Certificate of quality for European engineering degrees

The EUR-ACE (European Accredited Engineer) Label is a certificate of quality awarded to degree programmes in Engineering.

The EUR-ACE label is awarded after authorization from the European Network for Accreditation of Engineering Education (ENAEE). ENAEE grants this authorization to agencies that accredit degree programmes in Engineering in accordance with the European Qualifications Framework (EQF) standards and with ENAEE standards.

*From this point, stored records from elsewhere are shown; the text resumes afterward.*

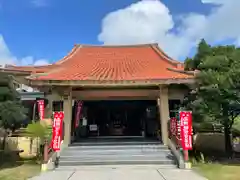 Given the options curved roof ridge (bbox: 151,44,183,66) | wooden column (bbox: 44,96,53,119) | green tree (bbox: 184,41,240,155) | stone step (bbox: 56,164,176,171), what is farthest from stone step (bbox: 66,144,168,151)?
curved roof ridge (bbox: 151,44,183,66)

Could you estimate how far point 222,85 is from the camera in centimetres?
930

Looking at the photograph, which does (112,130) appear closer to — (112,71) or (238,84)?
(112,71)

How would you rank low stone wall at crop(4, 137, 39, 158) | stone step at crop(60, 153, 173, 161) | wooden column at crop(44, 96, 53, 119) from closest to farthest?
stone step at crop(60, 153, 173, 161), low stone wall at crop(4, 137, 39, 158), wooden column at crop(44, 96, 53, 119)

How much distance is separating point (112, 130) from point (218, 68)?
8811 millimetres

==Agencies authorised to award the EUR-ACE label==
As of January 2019, the agencies authorised to award the EUR-ACE label are as follows:
- USA - ABET
- South Korea - ABEEK
- Finland – FINEEC – Kansallinen Koulutuksen Arviointikeskus Karv
- France – CTI Commission des titres d'ingénieur
- Germany – ASIIN – Fachakkreditierungsagentur für Studiengänge der Ingenieurwissenschaften, der Informatik, der Naturwissenschaften, und der Mathematik
- Ireland – Engineers Ireland
- Italy – Quacing – Agenzia per la Certificazione di Qualità e l’Accreditamento EUR-ACE dei Corsi di Studio in Ingegneria
- Kazakhstan – KazSEE – Kazakhstan Society for Engineering Education
- Poland – KAUT – Accreditation Commission of Universities of Technology
- Portugal – OE Ordem dos Engenheiros
- Romania – ARACIS – The Romanian Agency for Quality Assurance in Higher Education
- Russia – AEER – Association for Engineering Education of Russia
- Slovakia – ZSVTS – Association of Slovak Scientific and Technological Societies
- Spain – ANECA/ IIE – National Agency for Quality Assessment and Accreditation of Spain, with Instituto de la Ingeniería de España
- Switzerland – AAQ – Agence Suisse d'Accréditation et d'Assurance Qualité
- Turkey – MÜDEK – Association for Evaluation and Accreditation of Engineering Programmes
- United Kingdom – Engineering Council

== EUR-ACE labelled programmes ==
As of January 2019, the EUR-ACE label has been awarded to about 3,000 engineering degree programmes in 35 countries both within and outside of Europe.